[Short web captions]
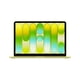thumbnail image 1 of MacBook Neo Apple 13 Pulgadas Chip A18 Pro 8GB 256GB Amarillo Cítrico, 1 of 5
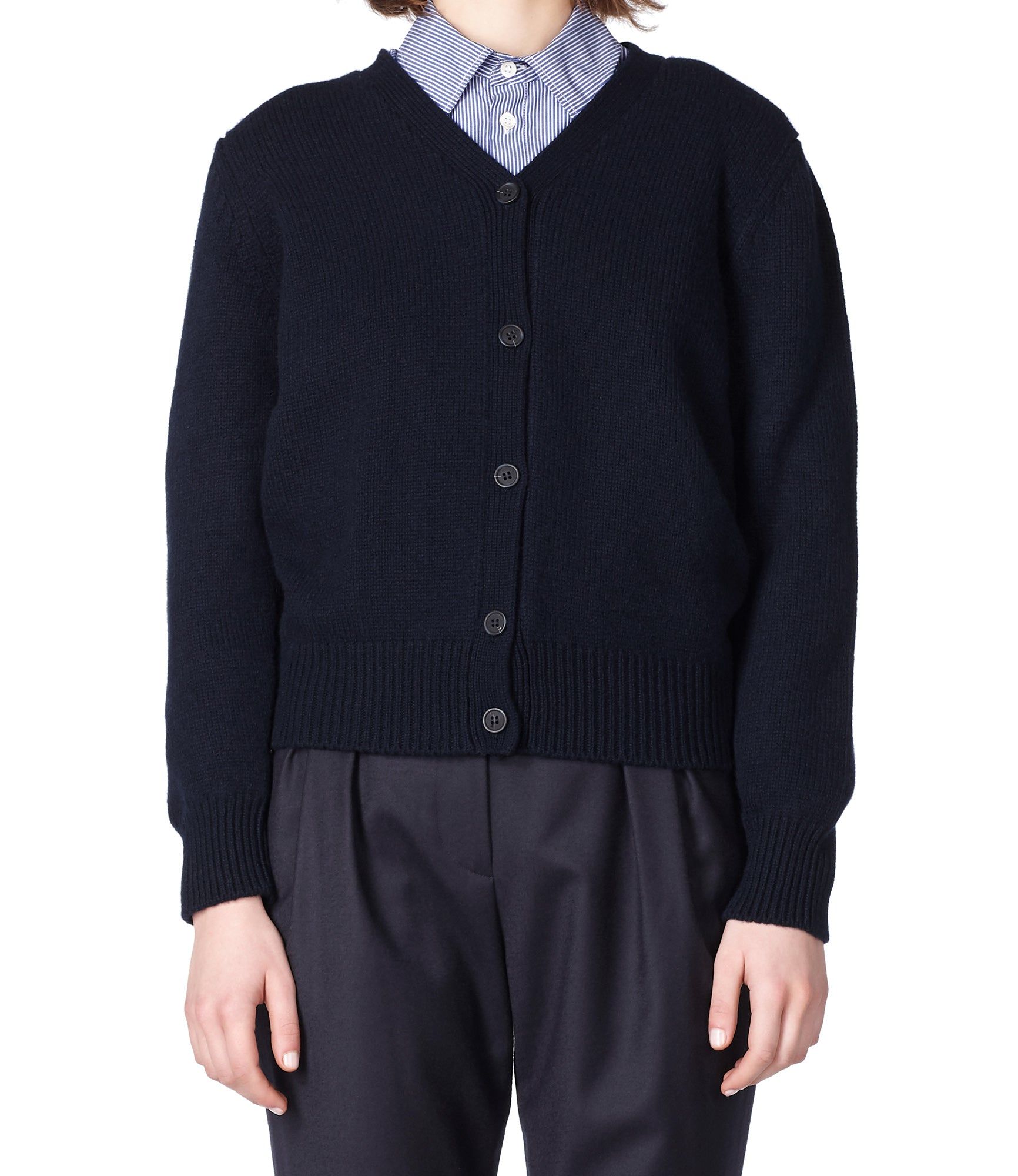 Ama Cardigan sold by A.P.C. product image thumbnail 4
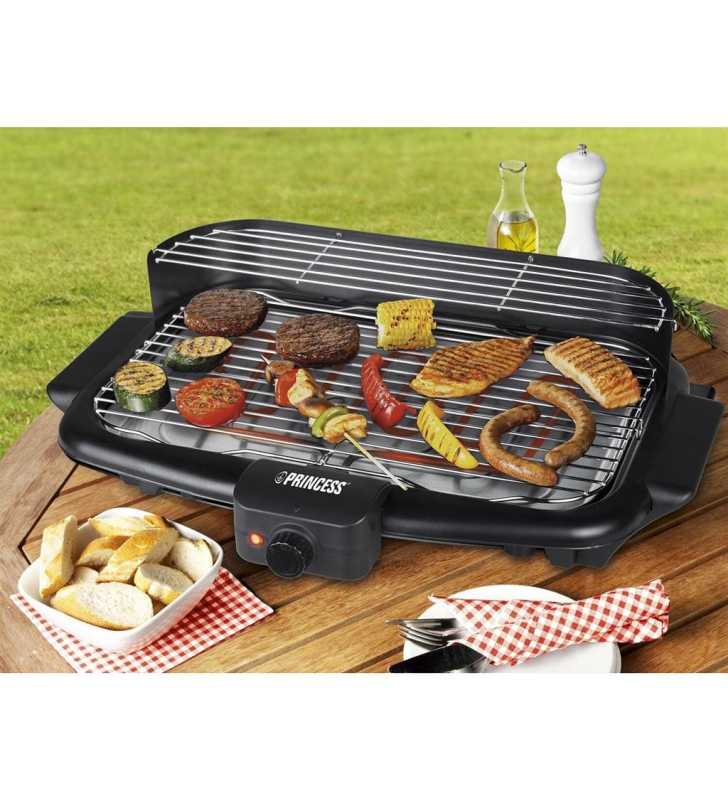 Barbecue Électrique Sur Pieds 2000W PRINCESS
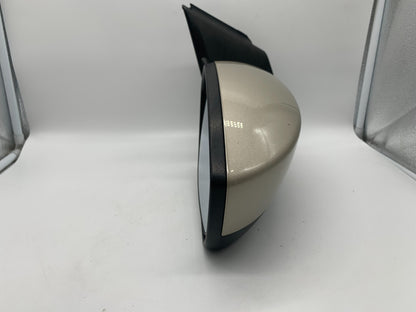 2017-2019 Ford Escape Passenger Side View Power Door Mirror Gold BSA D01B67012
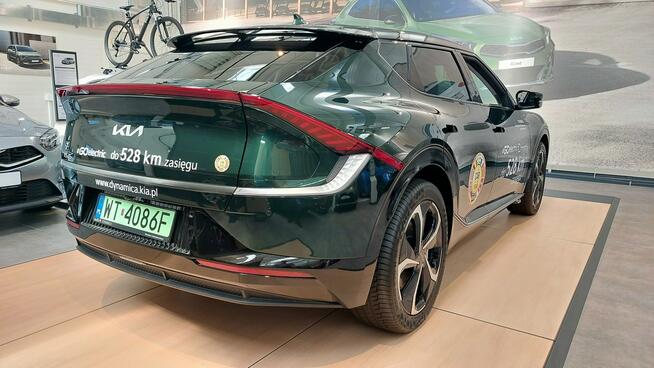 Kia EV6 DEMO! Plus! 229 KM! Pakiet Widoczność! Pakiet Komfort! Pompa ciepła!
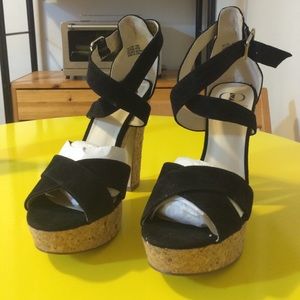Kelsi Dagger Malyssa Strappy Sandals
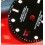 ?ROLEX? Vintage 16760, 16710 cadran noir brillant Luminova montres GMT MASTER II cal auto 3175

= YOUR OBJECTIVE =
Although the entries contain pictures, reproduce only the rest, exactly as written.

= SOLUTION BELOW =
thumbnail image 1 of MacBook Neo Apple 13 Pulgadas Chip A18 Pro 8GB 256GB Amarillo Cítrico, 1 of 5
 Ama Cardigan sold by A.P.C. product image thumbnail 4
 Barbecue Électrique Sur Pieds 2000W PRINCESS
 2017-2019 Ford Escape Passenger Side View Power Door Mirror Gold BSA D01B67012
 Kia EV6 DEMO! Plus! 229 KM! Pakiet Widoczność! Pakiet Komfort! Pompa ciepła!
Kelsi Dagger Malyssa Strappy Sandals
 ?ROLEX? Vintage 16760, 16710 cadran noir brillant Luminova montres GMT MASTER II cal auto 3175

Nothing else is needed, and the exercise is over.